◆ **What is required**
The entries below hold a line with "Polo-Sin-Manga-Para-Mujer-Tank-Cloe-Aloe-Negro-Bsoul" and a line with "Garchomp EX - XY09". Return those lines and all that lie between them, exactly and only.
Start of Block
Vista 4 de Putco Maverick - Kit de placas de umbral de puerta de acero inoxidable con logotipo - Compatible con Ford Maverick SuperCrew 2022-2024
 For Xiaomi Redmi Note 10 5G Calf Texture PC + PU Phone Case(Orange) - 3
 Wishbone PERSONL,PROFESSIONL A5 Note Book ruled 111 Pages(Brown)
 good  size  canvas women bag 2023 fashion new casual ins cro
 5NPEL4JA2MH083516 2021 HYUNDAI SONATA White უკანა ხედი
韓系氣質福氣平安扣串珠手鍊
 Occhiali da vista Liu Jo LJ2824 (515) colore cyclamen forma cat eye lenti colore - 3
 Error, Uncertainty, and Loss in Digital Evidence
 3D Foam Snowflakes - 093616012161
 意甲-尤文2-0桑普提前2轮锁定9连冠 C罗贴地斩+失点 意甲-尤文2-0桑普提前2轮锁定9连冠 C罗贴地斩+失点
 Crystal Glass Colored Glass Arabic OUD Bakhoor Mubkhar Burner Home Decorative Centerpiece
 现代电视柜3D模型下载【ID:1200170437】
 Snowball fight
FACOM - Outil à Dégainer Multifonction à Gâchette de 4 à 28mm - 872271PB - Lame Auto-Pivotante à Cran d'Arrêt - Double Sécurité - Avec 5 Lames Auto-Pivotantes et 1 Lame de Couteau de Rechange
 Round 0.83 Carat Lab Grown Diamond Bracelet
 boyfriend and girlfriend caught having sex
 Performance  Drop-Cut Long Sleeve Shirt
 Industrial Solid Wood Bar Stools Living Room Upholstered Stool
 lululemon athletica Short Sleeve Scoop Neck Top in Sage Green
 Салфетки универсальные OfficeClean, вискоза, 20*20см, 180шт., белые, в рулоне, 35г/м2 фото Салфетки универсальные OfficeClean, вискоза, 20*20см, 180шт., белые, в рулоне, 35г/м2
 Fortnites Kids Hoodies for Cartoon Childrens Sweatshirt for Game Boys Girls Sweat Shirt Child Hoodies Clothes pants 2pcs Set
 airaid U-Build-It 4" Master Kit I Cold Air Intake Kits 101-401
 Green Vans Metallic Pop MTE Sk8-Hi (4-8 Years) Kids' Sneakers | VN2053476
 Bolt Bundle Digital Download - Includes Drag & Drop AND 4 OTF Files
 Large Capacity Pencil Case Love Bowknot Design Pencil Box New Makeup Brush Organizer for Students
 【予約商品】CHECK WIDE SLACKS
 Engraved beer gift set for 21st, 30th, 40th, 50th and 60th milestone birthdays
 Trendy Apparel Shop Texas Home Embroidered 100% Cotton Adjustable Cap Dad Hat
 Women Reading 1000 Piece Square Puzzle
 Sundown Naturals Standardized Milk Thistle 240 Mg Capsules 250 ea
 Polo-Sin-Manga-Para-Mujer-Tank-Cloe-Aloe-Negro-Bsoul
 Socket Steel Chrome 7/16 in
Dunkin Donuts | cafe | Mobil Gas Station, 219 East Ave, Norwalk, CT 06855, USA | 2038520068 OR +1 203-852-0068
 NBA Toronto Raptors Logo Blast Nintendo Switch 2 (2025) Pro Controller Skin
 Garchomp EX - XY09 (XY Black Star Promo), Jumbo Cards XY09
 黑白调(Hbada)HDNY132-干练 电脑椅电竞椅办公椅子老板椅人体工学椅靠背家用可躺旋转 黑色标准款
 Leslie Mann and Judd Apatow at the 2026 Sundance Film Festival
End of Block
◆ **Solution**
 Polo-Sin-Manga-Para-Mujer-Tank-Cloe-Aloe-Negro-Bsoul
 Socket Steel Chrome 7/16 in
Dunkin Donuts | cafe | Mobil Gas Station, 219 East Ave, Norwalk, CT 06855, USA | 2038520068 OR +1 203-852-0068
 NBA Toronto Raptors Logo Blast Nintendo Switch 2 (2025) Pro Controller Skin
 Garchomp EX - XY09 (XY Black Star Promo), Jumbo Cards XY09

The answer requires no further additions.